Criticizing how the Palestinian refugees have been treated by the Arab countries in which they live, Daoud Al-Shiryan, Al-Hayat columnist and deputy secretary-general of Al-Arabiya TV, contrasts the treatment received by two refugees - one Jewish, the other Palestinian - from Lebanon. He called on these countries to integrate Palestinian refugees into their societies and to resettle them before they are forced to do so by the international community. Via MEMRI (With thanks: Jerusalem Posts):

"In the third article on the subject of refugee resettlement, Al-Shiryan related the stories of two Lebanese women, one Palestinian and the other Jewish. He wrote: "The [Jewish] Lebanese woman, Hannah [Efraim], invited the Palestinian woman, Umm Bilal, to come spend the weekend at her house… [saying], 'I want you to help me pack my things, since I have decided to emigrate to the U.S. As you can see, the political and social situation after the 1958 [Lebanese civil] war does not encourage one to stay [in Lebanon], and intensifies sectarianism here. I prefer my son to live far away from Lebanon.' [Shortly thereafter,] Hannah left [Lebanon] and lost touch with Umm Bilal.
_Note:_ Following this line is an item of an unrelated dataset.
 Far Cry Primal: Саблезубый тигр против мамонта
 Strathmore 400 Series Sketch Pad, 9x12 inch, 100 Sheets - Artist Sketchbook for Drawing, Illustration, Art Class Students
"Upon her arrival in New York, Hannah received assistance from Jewish organizations. A short time later, she received U.S. citizenship, enrolled her son in a private school, and started working in a bank, earning a good salary. [Her son] Avraham grew up, finished university, and advanced at his job, becoming director-general of a reputable bank. Ten years after completing his degree he married, had three children, and bought a fine house in a New Jersey suburb [for himself], and another for his mother.

"In 1995, Hannah decided to visit Lebanon and spend her summer vacation there. She arrived in Beirut and moved into a luxurious hotel. The next day, she asked her driver to take her to the refugee camp where Umm Bilal lived. She entered the camp and inquired after her. By nightfall, she managed to find her - [living] in a dilapidated hut with fabric-covered windows, her body ravaged by tuberculosis.

"Hannah asked Umm Bilal about [her husband], Abu Bilal; Umm Bilal replied that he had died in the civil war. 'And what about [your son] Bilal?' [Hannah asked]. [Umm Bilal] replied, 'He is working at a bicycle repair shop down the street. His salary is barely enough to cover my basic needs and those of his three sisters.' 'Is Bilal married?' Hannah asked. 'In this hole, where would we get the money to feed another mouth?' [answered Umm Bilal].

"'Aisha [Umm Bilal] is just one example among the thousands of Palestinian mothers [like her], and Hannah is just one example among the Jewish mothers [like her]. The Arabs kept the Palestinians in refugee camps and made into a people defeated both morally and materially. In contrast, the West welcomed the Jews and made them a leading [force] in science, arts, literature, economics, and politics.

"Are we capable of reassessing the idea of the refugee camps, [thereby] saving the next generation of Palestinians from a fate [similar to that of] Bilal and his contemporaries? There is still an opportunity to do so. The Palestinians do not want to be resettled. All they want is to be treated the same way the West treated the Jews. Then they will win and recover their rights."